Min soltó un quedo silbido.

—A Dalyn no le hará gracia eso.

—Entonces, no se lo cuentes. —Siuan sacudió la cabeza al reparar en la muchedumbre apiñada alrededor de Leane—. Dile a Amaena que tenemos que marcharnos. Él la seguirá. Y esperemos que el resto no haga lo mismo.

Min sonrió irónicamente. Puede que Siuan afirmara que no le importaba que Logain —Dalyn— se hubiera puesto al mando, principalmente haciendo caso omiso de ella cuando la mujer intentaba obligarlo a que hiciera algo, pero no había renunciado a seguir llevándolo pegado a los talones.

—Por cierto, ¿qué demonios será lo de El Tiro de Nueve Caballos? —preguntó la joven mientras se levantaba. Había salido a la puerta esperando encontrar una pista, pero el letrero que colgaba sobre la entrada sólo llevaba puesto el nombre—. Los he visto de ocho e incluso de diez, pero jamás de nueve.

—En esta ciudad —dijo Siuan, con remilgo—, más vale no hacer preguntas. —Un repentino rubor en las mejillas hizo sospechar a Min que la mujer lo sabía, y muy bien—. Ve a buscarlos. Nos aguarda un largo camino y no hay tiempo que perder. Y que no te oiga nadie más.

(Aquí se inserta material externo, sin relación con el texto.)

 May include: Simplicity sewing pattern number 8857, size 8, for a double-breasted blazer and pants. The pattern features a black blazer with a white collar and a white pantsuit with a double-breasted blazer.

Min resopló bajito. Absortos en la sonrisa de Leane, ninguno de los hombres repararía siquiera en ella. Le habría gustado saber qué había hecho Siuan para llamar la atención de los Capas Blancas. Era lo que menos les interesaba que ocurriera, y no era propio de Siuan cometer esa clase de errores. Ojalá supiera cómo lograr que Rand la mirara como esos hombres estaban mirando a Leane. Si se iban a pasar toda la noche cabalgando —y sospechaba que era así— a lo mejor Leane accedería a darle unos cuantos consejos.

12

Una vieja pipa

Una racha de viento que arremolinaba el polvo bajó por la calle de Lugard y le arrebató el sombrero de terciopelo a Gareth Bryne; la prenda fue a parar directamente debajo de la rueda de una traqueteante carreta. El aro de hierro machacó el sombrero contra la dura arcilla de la calle, dejando tras de sí un inservible pingo aplastado. Gareth se quedó mirándolo un momento y después siguió caminando. «Después de todo, ya estaba lleno de manchas tras el viaje», se dijo para sus adentros. La chaqueta de seda también estaba llena de polvo antes de llegar a Murandy, y ya no servía de mucho cepillarla cuando se tomaba ese trabajo, cosa harto infrecuente. Ahora parecía más parda que gris. Debería buscar algo más sencillo; al fin y al cabo, no se dirigía a un baile de palacio.